Liske says more than a decade of work building physical and social bicycle infrastructure set the county up to win the grant money. She points out that in order to be eligible to apply for implementation funds such as were distributed last week, projects must have completed a plan such as an Active Transportation Plan or a Safe Route to School Plan. These plans are required to show that they’ve already won public approval in order to be eligible for the money.
“Our region had very few of these plan 10 years ago,” Liske writes in an email, “and Jeanne LaPage drove Ecology Action to adopt a goal of ensuring that every Monterey Bay community had them.”
In ensuing years, LePage worked with transportation planners, engineers and others at municipalities up and down Monterey Bay. Maps and plans were produced and bike lanes were built. Engagement components such as kids’ bike-safety training and safe-route rides were launched and well attended—the state wants to see that once infrastructure is built, there is a constituency ready to use it.
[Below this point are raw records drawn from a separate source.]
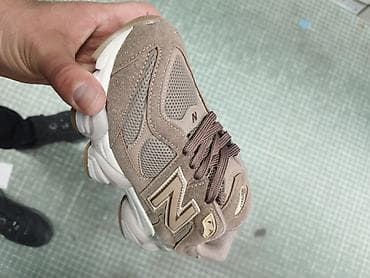 buzz zrenjanin patike: Patike — 10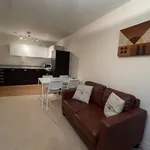 Rent 2 bedroom flat in Birmingham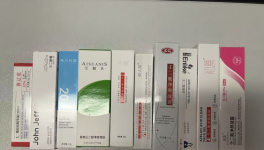 揭秘市面上草药壬二酸背后的真相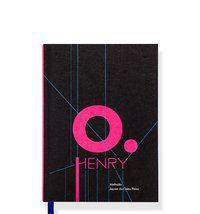 CONTOS - HENRY, O.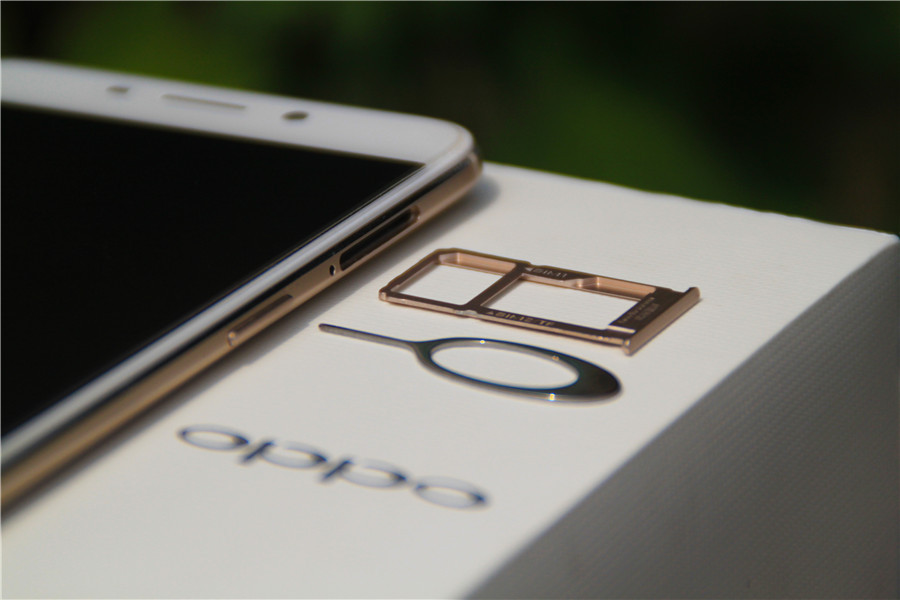 一代经典oppor9,oppor9系列哪款最好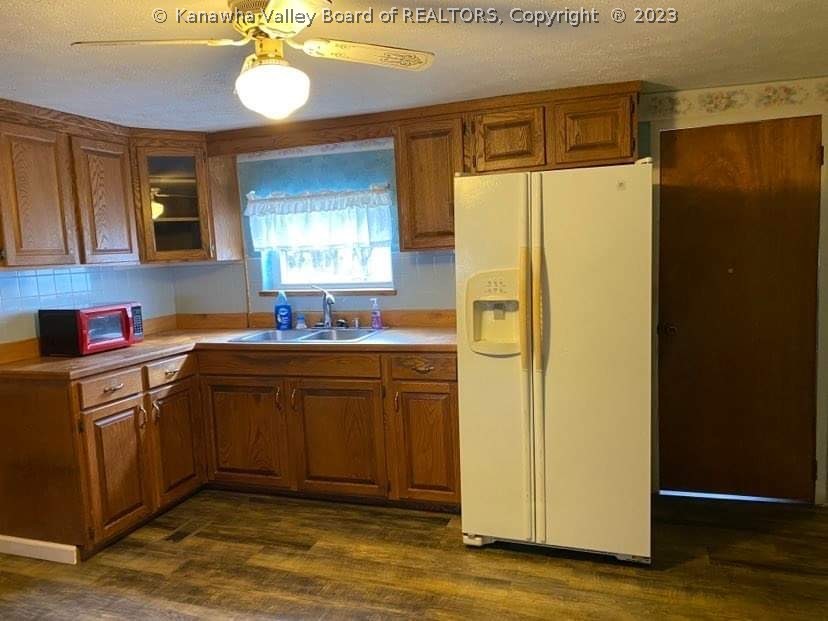 201 Straight Street Ripley, WV 25271 - Photo 8 of 32 Gallery Image 8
“It was really innovative and passionate public servants in the various public agencies that made this happen” Liske says.
With this money, 18 miles of the planned 32-mile trail from Davenport to Watsonville is fully funded and slated to be complete by 2025.
In related news, the Santa Cruz County Regional Transportation Commission voted on Dec. 1 to conduct a $7 million preliminary study on the rail component of the Santa Cruz Rail Trail.